* **What you should do**
Return the data below unchanged. Drop any pictures.

* **Information shown**

******

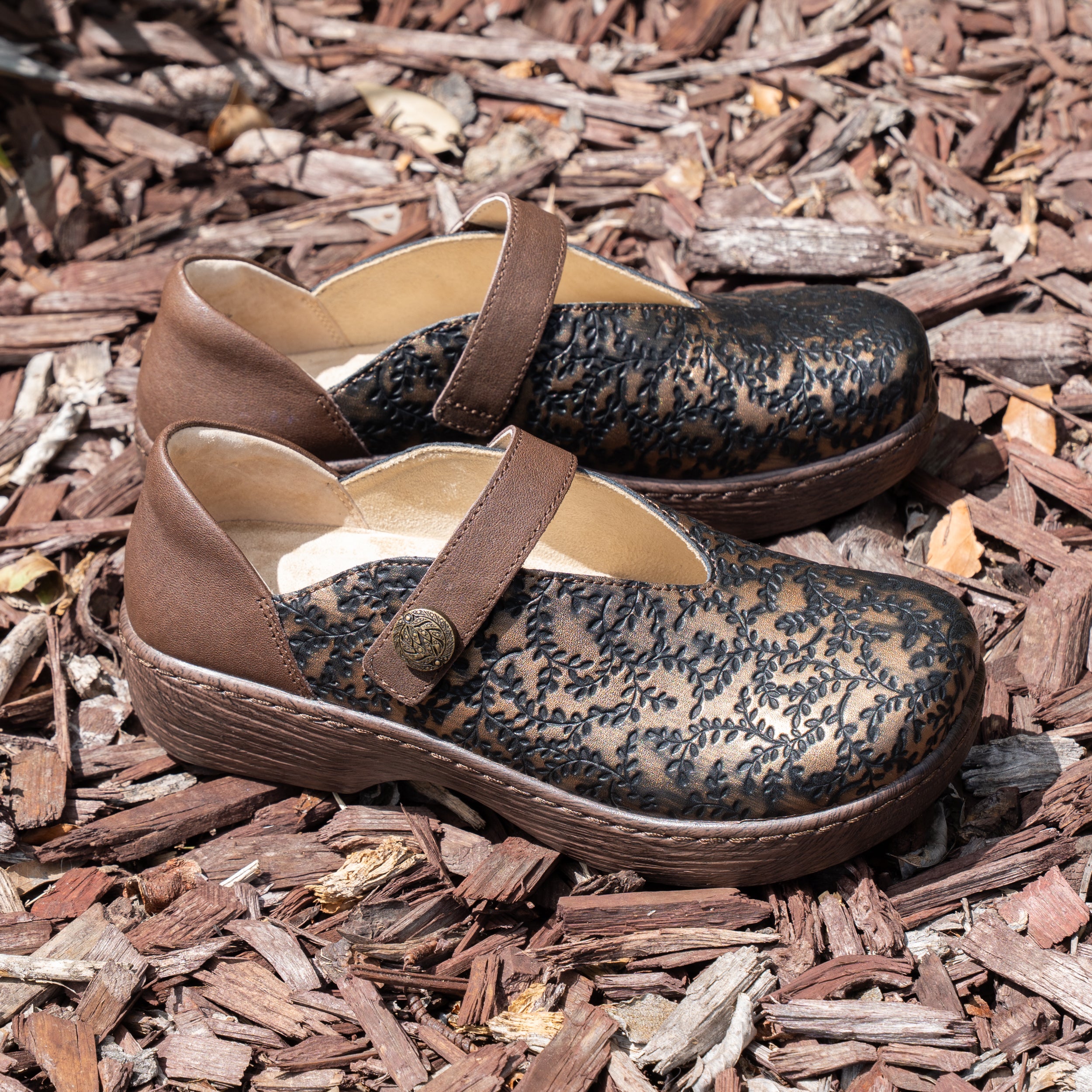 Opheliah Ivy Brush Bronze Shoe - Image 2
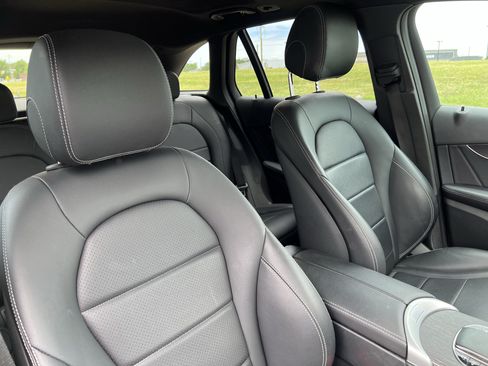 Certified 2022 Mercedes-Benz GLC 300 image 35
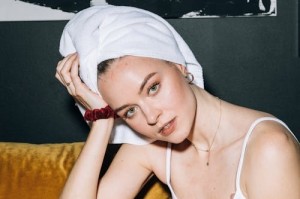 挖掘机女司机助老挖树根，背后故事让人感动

******

* **Answer for the task**
 Opheliah Ivy Brush Bronze Shoe - Image 2
 Certified 2022 Mercedes-Benz GLC 300 image 35
 挖掘机女司机助老挖树根，背后故事让人感动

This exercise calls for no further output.